> _DATA FOR THIS TASK_

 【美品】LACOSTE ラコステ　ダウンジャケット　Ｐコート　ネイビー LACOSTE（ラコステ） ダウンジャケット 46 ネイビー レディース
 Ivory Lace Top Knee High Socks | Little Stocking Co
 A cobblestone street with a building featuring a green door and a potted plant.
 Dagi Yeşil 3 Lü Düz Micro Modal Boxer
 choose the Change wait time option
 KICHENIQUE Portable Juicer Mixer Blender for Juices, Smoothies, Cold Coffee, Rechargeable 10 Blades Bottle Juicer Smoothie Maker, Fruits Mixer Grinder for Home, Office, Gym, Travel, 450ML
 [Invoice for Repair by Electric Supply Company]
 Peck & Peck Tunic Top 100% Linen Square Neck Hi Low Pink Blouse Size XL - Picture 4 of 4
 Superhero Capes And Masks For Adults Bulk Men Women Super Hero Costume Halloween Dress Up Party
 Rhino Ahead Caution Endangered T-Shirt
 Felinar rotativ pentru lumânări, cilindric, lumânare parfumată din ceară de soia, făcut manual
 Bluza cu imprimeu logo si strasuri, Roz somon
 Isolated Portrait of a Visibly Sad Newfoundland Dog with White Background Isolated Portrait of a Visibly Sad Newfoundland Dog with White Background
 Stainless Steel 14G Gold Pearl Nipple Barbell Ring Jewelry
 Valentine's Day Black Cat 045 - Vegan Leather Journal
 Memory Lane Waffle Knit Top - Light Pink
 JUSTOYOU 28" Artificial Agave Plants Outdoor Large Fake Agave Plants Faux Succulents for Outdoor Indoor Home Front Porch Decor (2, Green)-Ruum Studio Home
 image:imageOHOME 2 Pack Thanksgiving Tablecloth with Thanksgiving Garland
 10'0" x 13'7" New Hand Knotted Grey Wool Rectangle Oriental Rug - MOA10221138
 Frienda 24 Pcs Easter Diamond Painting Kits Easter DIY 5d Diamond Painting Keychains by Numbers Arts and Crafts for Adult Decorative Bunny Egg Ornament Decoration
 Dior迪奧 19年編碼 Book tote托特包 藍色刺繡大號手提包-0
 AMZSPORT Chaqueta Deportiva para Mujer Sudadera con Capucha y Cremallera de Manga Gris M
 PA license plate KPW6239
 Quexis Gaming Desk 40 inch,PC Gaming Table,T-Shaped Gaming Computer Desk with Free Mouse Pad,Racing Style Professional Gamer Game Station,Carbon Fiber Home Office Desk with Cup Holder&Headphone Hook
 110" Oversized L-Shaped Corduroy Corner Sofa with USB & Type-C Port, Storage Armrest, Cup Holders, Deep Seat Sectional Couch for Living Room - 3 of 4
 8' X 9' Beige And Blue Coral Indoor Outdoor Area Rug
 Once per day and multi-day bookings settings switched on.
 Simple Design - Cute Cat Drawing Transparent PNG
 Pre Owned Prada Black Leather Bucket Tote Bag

> _EXERCISE GOAL_
Give back exactly the lines beginning at the one with "Dagi Yeşil 3 Lü Düz Micro Modal Boxer" and ending at the final line of the material; both boundary lines belong in it.

> _ANSWER BOX_
 Dagi Yeşil 3 Lü Düz Micro Modal Boxer
 choose the Change wait time option
 KICHENIQUE Portable Juicer Mixer Blender for Juices, Smoothies, Cold Coffee, Rechargeable 10 Blades Bottle Juicer Smoothie Maker, Fruits Mixer Grinder for Home, Office, Gym, Travel, 450ML
 [Invoice for Repair by Electric Supply Company]
 Peck & Peck Tunic Top 100% Linen Square Neck Hi Low Pink Blouse Size XL - Picture 4 of 4
 Superhero Capes And Masks For Adults Bulk Men Women Super Hero Costume Halloween Dress Up Party
 Rhino Ahead Caution Endangered T-Shirt
 Felinar rotativ pentru lumânări, cilindric, lumânare parfumată din ceară de soia, făcut manual
 Bluza cu imprimeu logo si strasuri, Roz somon
 Isolated Portrait of a Visibly Sad Newfoundland Dog with White Background Isolated Portrait of a Visibly Sad Newfoundland Dog with White Background
 Stainless Steel 14G Gold Pearl Nipple Barbell Ring Jewelry
 Valentine's Day Black Cat 045 - Vegan Leather Journal
 Memory Lane Waffle Knit Top - Light Pink
 JUSTOYOU 28" Artificial Agave Plants Outdoor Large Fake Agave Plants Faux Succulents for Outdoor Indoor Home Front Porch Decor (2, Green)-Ruum Studio Home
 image:imageOHOME 2 Pack Thanksgiving Tablecloth with Thanksgiving Garland
 10'0" x 13'7" New Hand Knotted Grey Wool Rectangle Oriental Rug - MOA10221138
 Frienda 24 Pcs Easter Diamond Painting Kits Easter DIY 5d Diamond Painting Keychains by Numbers Arts and Crafts for Adult Decorative Bunny Egg Ornament Decoration
 Dior迪奧 19年編碼 Book tote托特包 藍色刺繡大號手提包-0
 AMZSPORT Chaqueta Deportiva para Mujer Sudadera con Capucha y Cremallera de Manga Gris M
 PA license plate KPW6239
 Quexis Gaming Desk 40 inch,PC Gaming Table,T-Shaped Gaming Computer Desk with Free Mouse Pad,Racing Style Professional Gamer Game Station,Carbon Fiber Home Office Desk with Cup Holder&Headphone Hook
 110" Oversized L-Shaped Corduroy Corner Sofa with USB & Type-C Port, Storage Armrest, Cup Holders, Deep Seat Sectional Couch for Living Room - 3 of 4
 8' X 9' Beige And Blue Coral Indoor Outdoor Area Rug
 Once per day and multi-day bookings settings switched on.
 Simple Design - Cute Cat Drawing Transparent PNG
 Pre Owned Prada Black Leather Bucket Tote Bag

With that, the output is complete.